Examining the sea’s primary food-producing sectors – wild fisheries and the mariculture of finfish such as tuna and snapper as well as bivalves like clams and oysters – the researchers determined estimates of “sustainable supply curves” that take into consideration ecological, economic, regulatory and technological limitations. Mariculture means cultivating marine organisms for food and other products in coastal seawater environments or the open ocean.
The scientists framed those supply curves against future demand scenarios to predict how much food the ocean, which presently accounts for just 17% of the animal production industry, could supply as the global population swells.
“As mariculture technology improves and policies surrounding the ocean and its resources are reformed, food from the sea could increase by between 21 million and 44 million metric tons annually,” said Lubchenco, a former administrator of the National Oceanic and Atmospheric Administration. “Those increases amount to between 12% and 25% of the estimated animal protein increases needed to feed the almost 10 billion people expected to live on the Earth in 2050. Rising incomes and shifts in food preferences will greatly increase demand for nutritious food in the coming decades, and the ocean can be a big part of meeting that demand.”
Producing more and more food from land-based crops is challenging because of declining yield rates and competition for land and water, Lubchenco notes, as well as various environmental and health concerns associated with large-scale agriculture.
And while land-derived seafood – freshwater aquaculture and inland fisheries – plays an important role in the global food picture, its expansion faces some of the same hurdles and causes some of the same problems.

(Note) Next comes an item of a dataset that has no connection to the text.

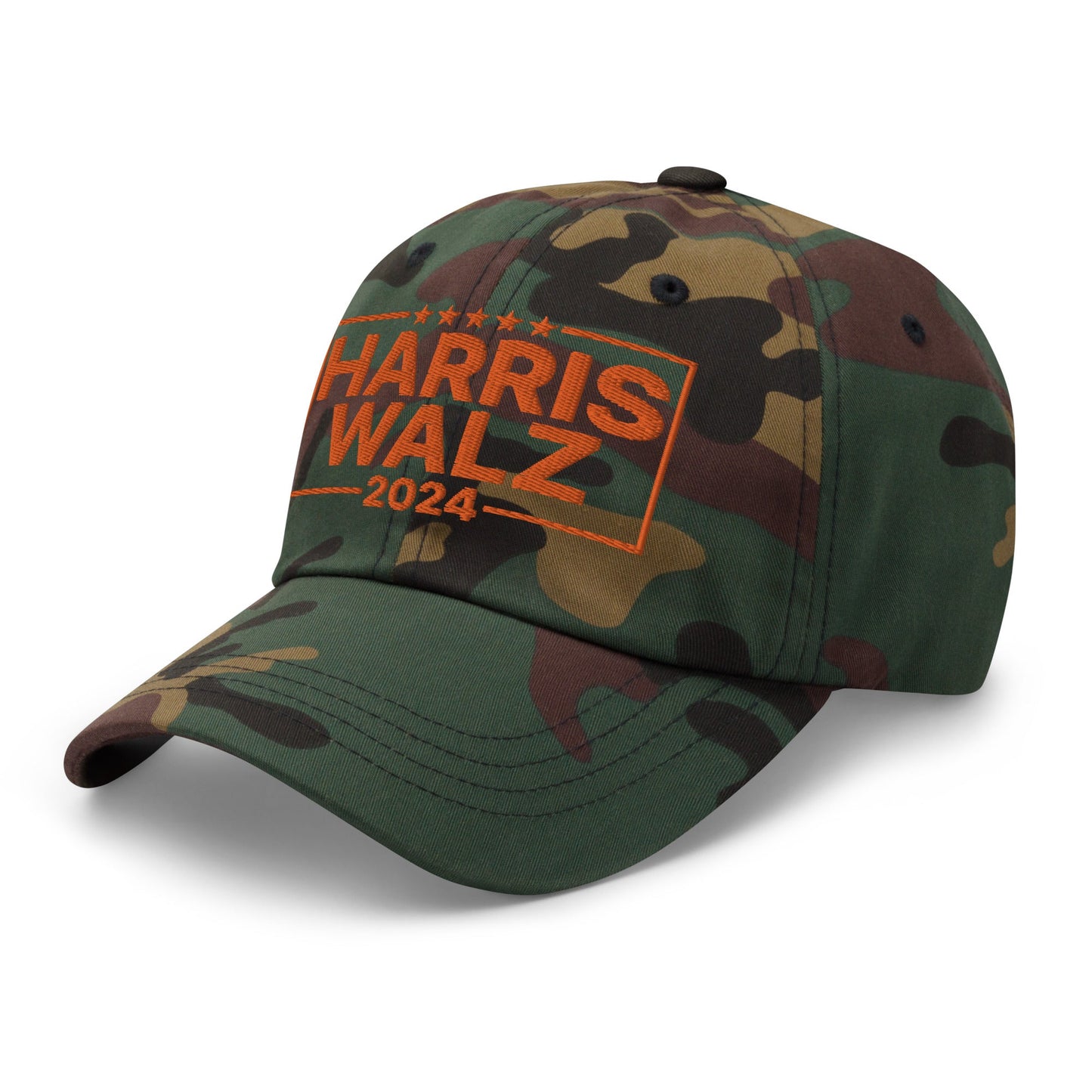 Harris Walz 2024 Dad Hat Orange Camo Camo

“Land-based sources of fish and other foods are certainly part of the solution, but we show that sustainable food from the sea can play a major role in global food supply and food security as well,” Lubchenco said. “Stories of overfishing, pollution and unsustainable mariculture give the impression that it is impossible to sustainably increase the supply of food from the sea. But unsustainable practices, regulatory barriers and other constraints may be limiting seafood production – meaning shifts in policies and practices could benefit both conservation and food production. We’ve seen, for example, how changes in policy in U.S. fisheries resulted in significantly reducing overfishing and rebuilding wild stocks, thus increasing the abundance of fish in U.S. waters as well as fishery yields.”
Lubchenco and colleagues including lead author Christopher Costello of the University of California, Santa Barbara, describe four primary routes to sustainably increasing ocean-based food production: Better management of wild fisheries, which account for 80% of the sea’s meat production; reforms for policies governing mariculture; improvements in feeds used in mariculture; and shifts in demand to drive increased production from all ocean food sectors.

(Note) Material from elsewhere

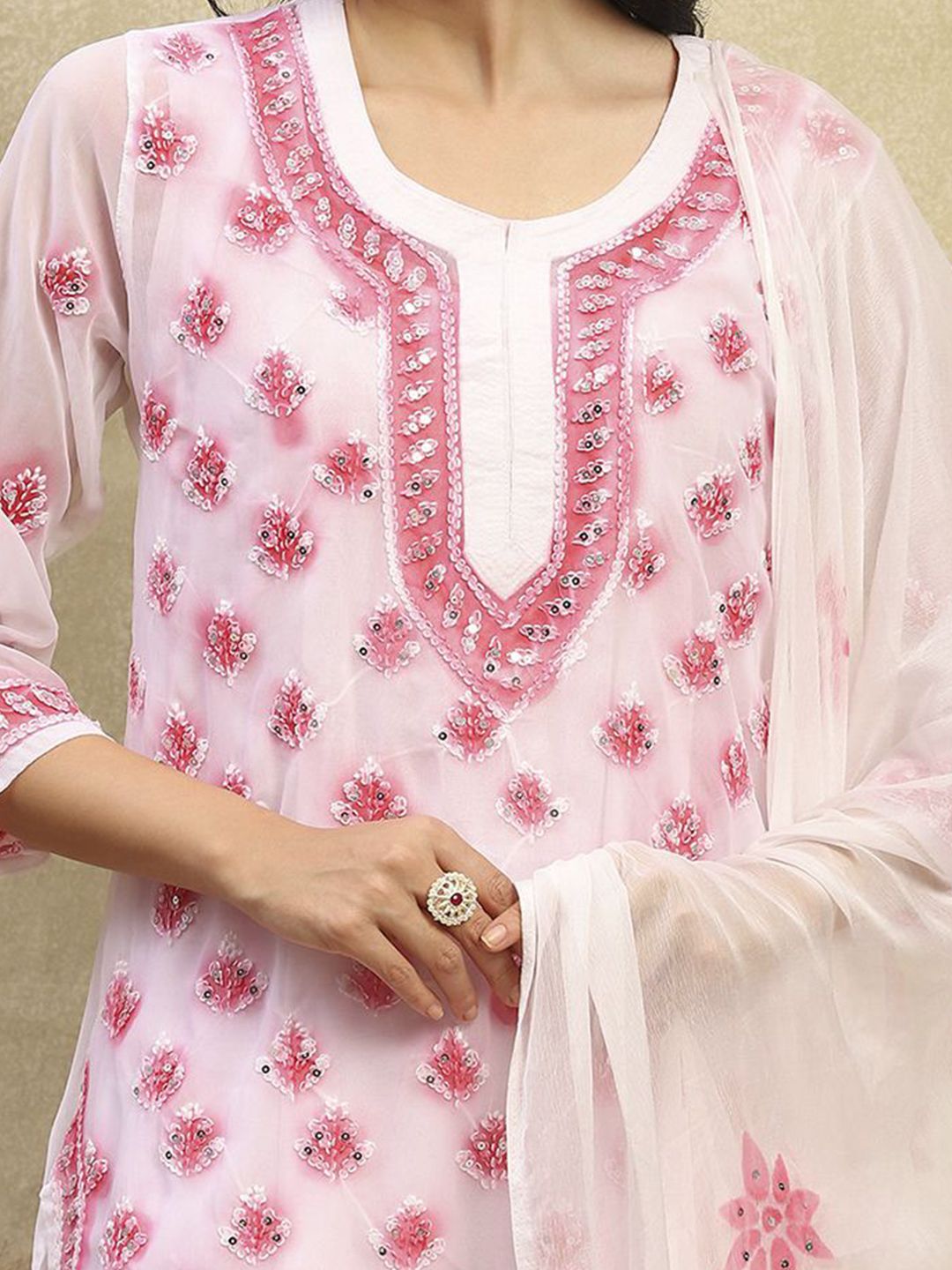House of Chikankari Women White & Pink Georgette Chikankari Sulam Set Kurta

Nutritionally diverse and less environmentally burdensome than land-based food production, seafood is uniquely positioned to help feed the Earth’s growing population, Lubchenco said. And directing resources away from subsidies that enhance fishing capacity toward building institutional and technical capacity for fisheries research, management and enforcement will be a key step.
“The potential for increased global production from wild fisheries hinges on maintaining fish populations near their most productive levels,” Lubchenco said. “For overfished stocks, that means adopting or improving management practices that prevent overfishing and allow depleted stocks to rebuild.”

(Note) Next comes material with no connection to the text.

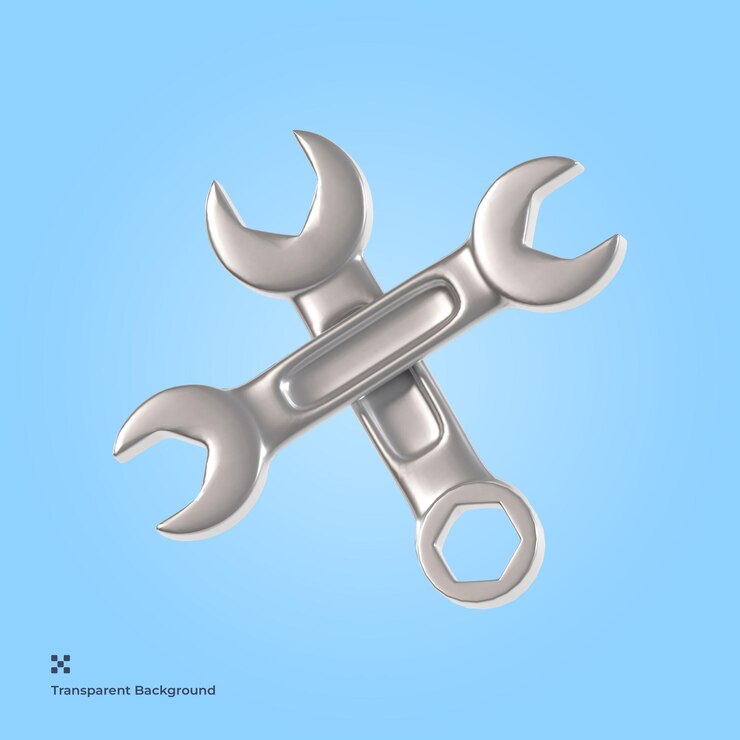 PSD icono de llave inglesa 3d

Seventy-five percent of mariculture production requires some feed inputs, like fishmeal and fish oil, derived from wild forage fisheries. But alternatives like terrestrial plant- or animal-based proteins, seafood processing waste, microbial ingredients, insects, algae and genetically modified plants are in the works – innovations that could decouple mariculture from wild fisheries.
And the largest potential for expansion of food from the sea will come from the farming of bivalves.
“We have shown that the sea can be a much larger contributor to sustainable food production than is currently the case, via a collection of plausible and actionable mechanisms,” Lubchenco said.